This revolving plier punch (star punch) was primarily used to punch round shoelace holes. Created as a 'six bits' version, this plier exhibits only four of its six different sized bits. This unique tool was an important element within Stanio Fancoff's shoemaking kit as it enable him to tailor the shoelace hole size to the appropriate lace material sizing, providing shoes with greater aesthetic diversity.

Stanio Ivanoff Fancoff was born in 1908 in Bojentsi, a small village in Bulgaria. At age 11, Stanio left home to learn the shoemaking trade. In 1929, he immigrated to Melbourne, settled in Fitzroy and began to work for the V.G. Zemancheff & Sons basket shoe factory in South Melbourne.
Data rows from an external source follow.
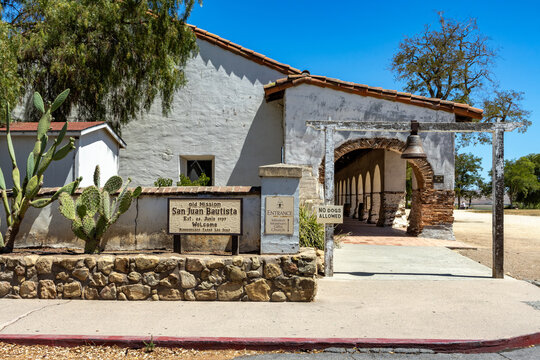 Mission San Juan Bautista in California, an old spanish mission.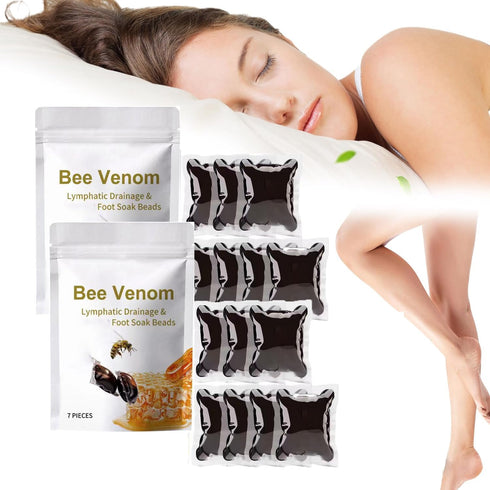 Bee Venom Foot Soak (2 Pack), Bee Venom Lymphatic Drainage Foot Soak, De Tox Foot Soak Beads...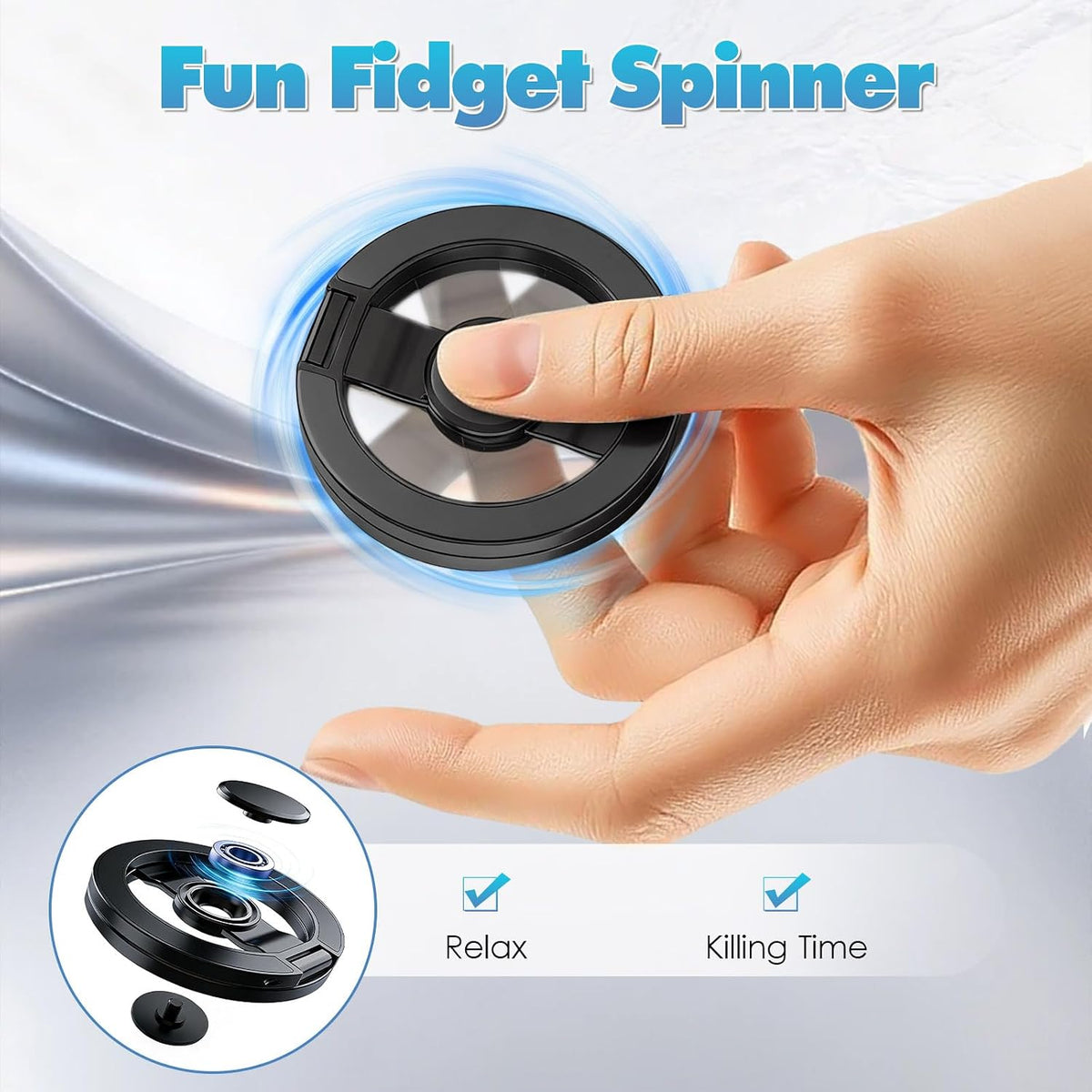 Magnetic Phone Holder for Magsafe,Magnetic Phone Grip for iPhone 12-17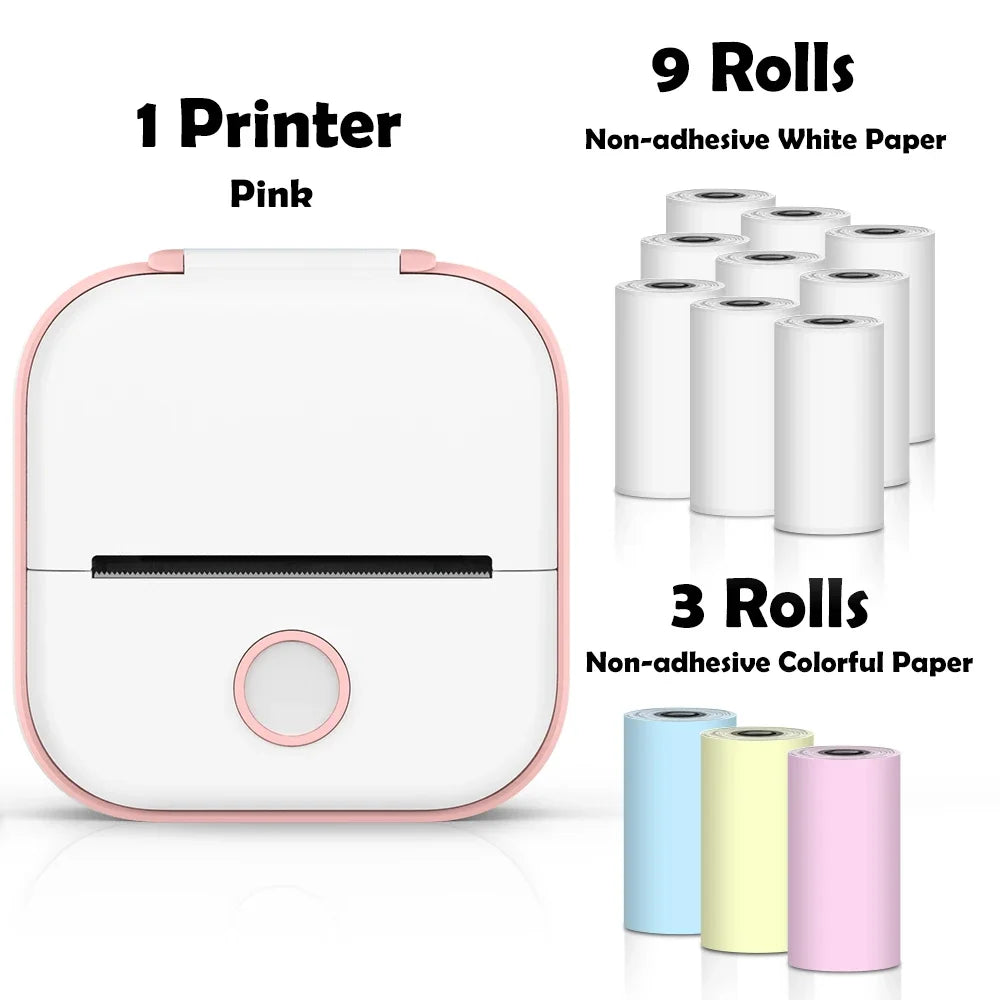 Phomemo T02 Mini Thermal Printer Wireless Mini Pocket Printer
In1936, he married Dorotea Georgi Touzou who had recently arrived in Australia. Around this time, Stanio set up his own shoemaking business from home, with Georgi, her cousin and sister weaving the shoes which he then assembled. Select shoe samples were then taken to Sydney and Tasmania for sale. In 1942, Georgi and Stanio moved to Broken Hill for Georgi's health; there daughter Nancy was born and Stanio set up a shoe shop/factory. In 1945, Georgi died and by 1950 Stanio and Nancy had moved to Adelaide where he again opened a shoemaking business and shop. He passed away in 1978, having been in the shoemaking business for 59 years. This collection documents his migration and working life experiences.

Physical Description

This metal revolving punch plyer, (star punch) physically resembles a pair of metal pliers whereby a star sectioned turret mounts onto one of the jaws. This 'six bits' version, exhibits four existing bits and two empty spaces within the turret's underbelly where the remaining two bits previously existed. As typical of this tool type, each of the bits are different sized but on this particular tool their sizings are not indicated. Furthermore, while three bits appear round in shape the fourth carries signs of possible patterning suggesting that it may have been used to make special designs within other shoe areas. The instrument's physical structure exhibits signs of stress whereby the metal surface has been chipped or warped, and the common spring latch is missing.


This collection is significant in documenting a small migrant business as well as the fashion of a particular period. It is well provenanced and charts the application of trade skills in a new country. It also illustrates the stages of hand shoe manufacture from the 1930s, demonstrating the enduring nature of the tools and patterns that were used.